А Тиссарии казалось невероятным иное: началась стужнева едина – зима, а всё вокруг наливалось цветом. И пусть с рассветом зябко и малахитовая долина застывает в снежном крапе, но лишь утром. К полудню солнце иссушало траву настолько, что густая сочная поросль напоминала жёсткую кошенину.
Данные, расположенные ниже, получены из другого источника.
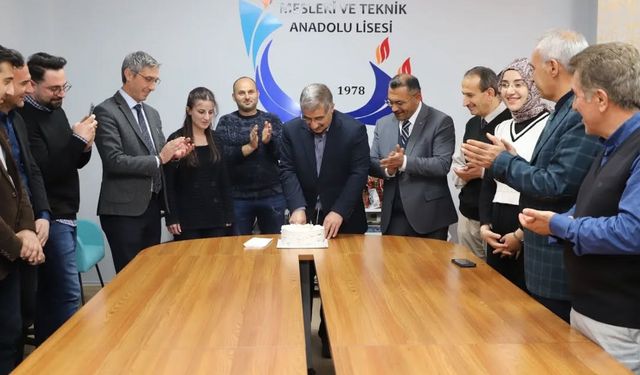 Bayburt'ta emekliye ayrılan müdüre veda programı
Принцесса пристрастилась тратить время праздно: сидеть на мшистом валуне под вязом, где под лещадной россыпью голышей пробивался родничок. Быстрый ключ тянул на собой травинки, мелкий сор и беспрепятственно подтачивал высокую ограду из ломового камня. Приятно думать, что обернись она родничком, непременно бы сбежала и от Трибунала, и от тёмного народа. Впрочем девушка лукавила: едва ли положение в храме можно назвать тюрьмой. Несколько гельдеров были отданы искусным портнихам и белошвейкам. Помимо наряда фехтовальщицы в гардеробе принцессы чудесное васильковое платье с оборками из щёлка и парчи и украшенное золотой нитью - для званных вечеров и нежно-розовое из тончайшего полотна, отделанного атласом и самоцветами - для торжеств, платье из плотного дорогого иссиня-чёрного сукна с серебряной вышивкой - для повседневного ношения. Несколько изящных шляпок, две пары башмачков на меху, перчатки, нитки жемчуга и... всего не перечислишь. Теперь она соответствовала виду и званию принцессы  могла поддаться ухаживаниям молодых состоятельных лиц духовного звания. Но в дни сытости и праздности её одолевала тоска: слишком дорого обошёлся достаток. 

Ей не мешали – она училась играть на свирели. И чем усерднее занималась, тем менее её отвлекали; всё служение в храме было поставлено внутренней красоте. Нет, не зря духовные учителя – покровители искусств и когда им по силам окружают своё существование роскошью и утончёнными наслаждениями. И созерцание богатства храмов прихожанами должны наполнять зачерствевшие души мирян небесной музыкой. 
Храм, где жила принцесса, не имел своего прихода, а был скорее резиденцией местного духовенства; здесь коротали редкие выходные дни лучшие богословы, одарённые богом и толпой сочинители искусств, почтенные и видные законоучителя и пастыри. В ухоженном саду, полном скульптур и сооружений – вершин мастерства зодчих – исходили восторгом пышные свадьбы и навевали печальный лоск траурные службы. К тому же зажиточные духовные отцы получали немалую ренту от использования земли Храма и владений в доках. Мошна их лопалась от денег и многие дворяне по крови, приближённые короля, предпочитали оканчивать здесь земной путь: ближе и к богу, и к золоту.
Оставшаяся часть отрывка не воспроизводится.